> [Your goal]:
Only the lines from the one containing "FORD ESCAPE SE" through the end of the material should be printed, exactly as they appear. Leave out pictures.

━━━━━ The data

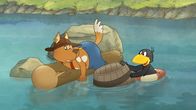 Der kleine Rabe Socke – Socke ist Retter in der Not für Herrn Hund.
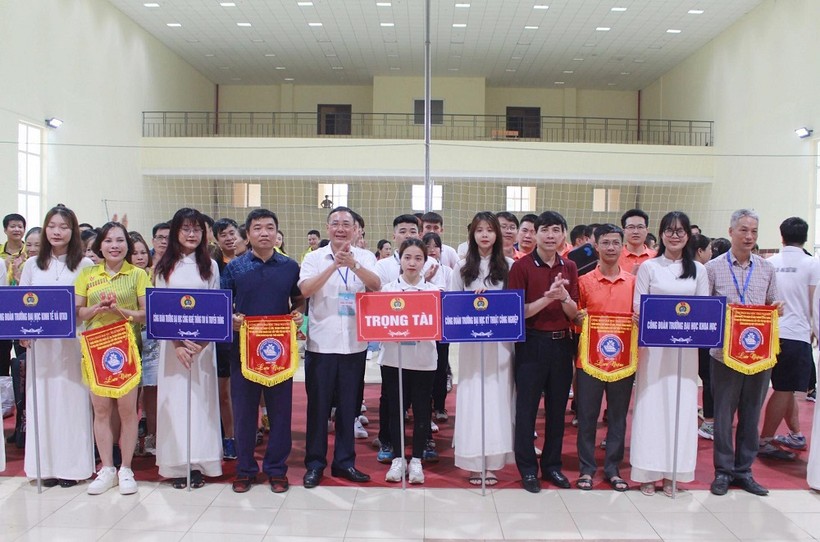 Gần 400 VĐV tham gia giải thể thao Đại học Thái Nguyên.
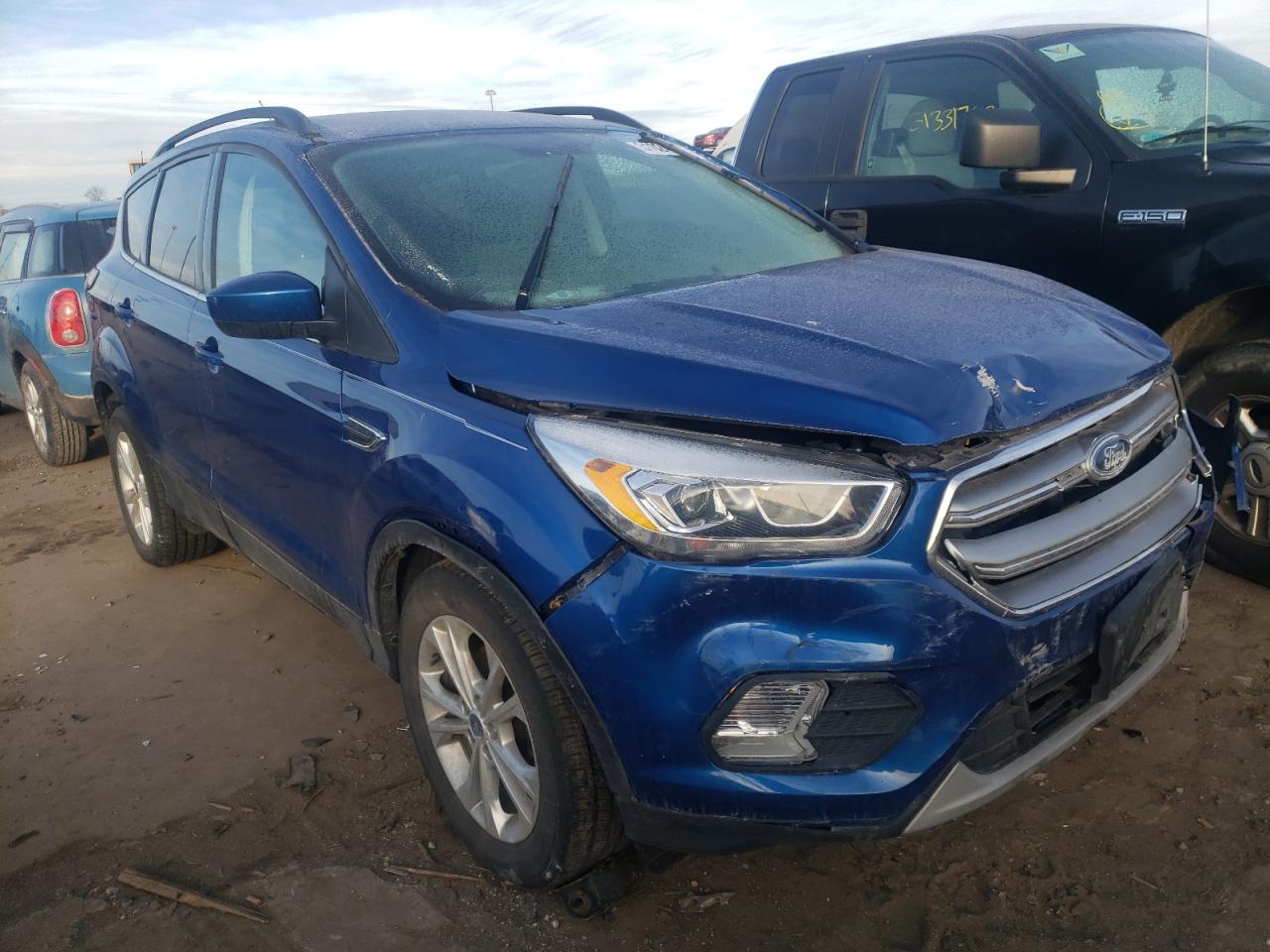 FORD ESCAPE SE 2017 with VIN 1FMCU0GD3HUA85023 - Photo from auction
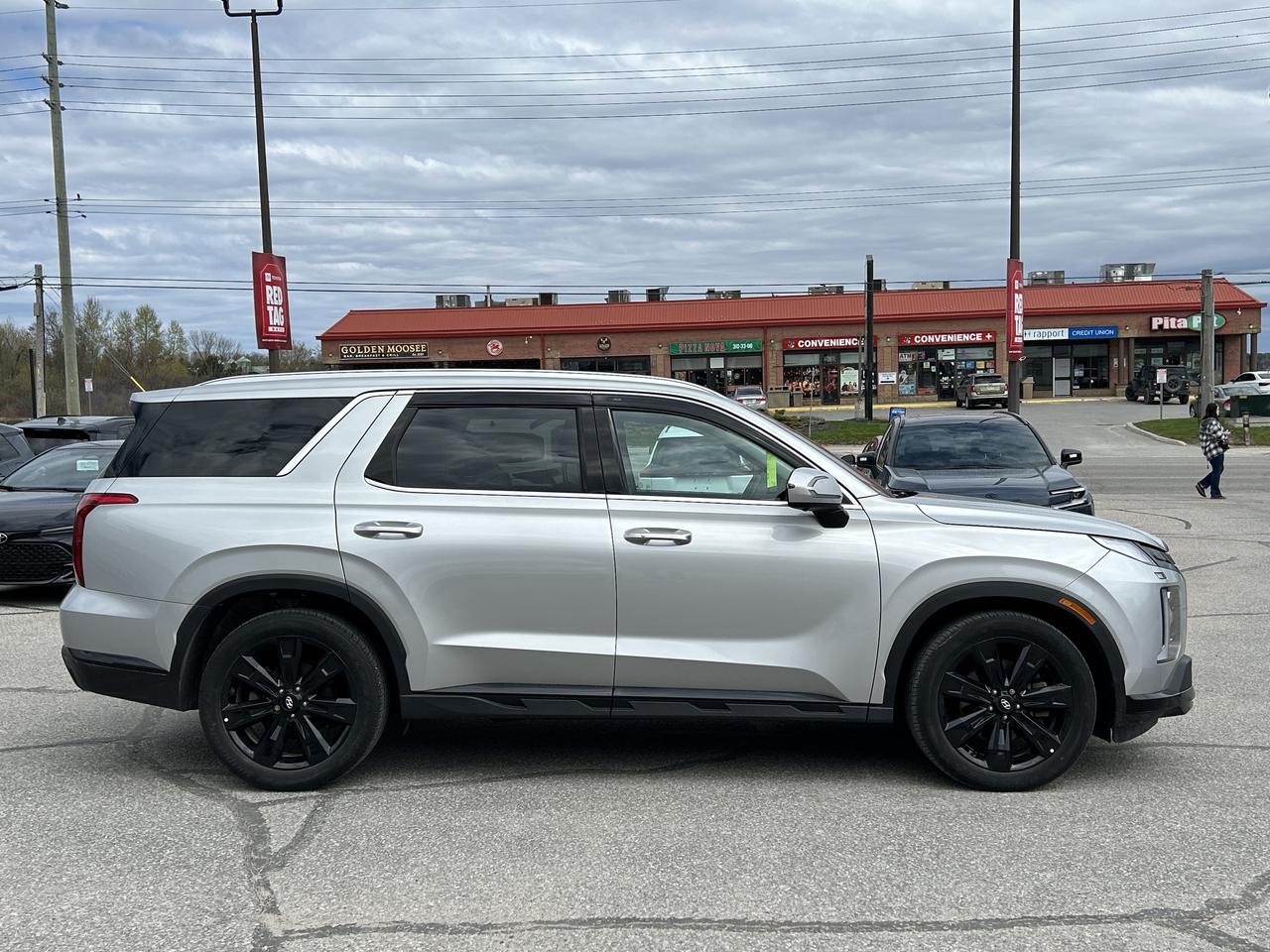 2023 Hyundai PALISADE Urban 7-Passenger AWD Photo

━━━━━━━━━━

> [Your solution]:
 FORD ESCAPE SE 2017 with VIN 1FMCU0GD3HUA85023 - Photo from auction
 2023 Hyundai PALISADE Urban 7-Passenger AWD Photo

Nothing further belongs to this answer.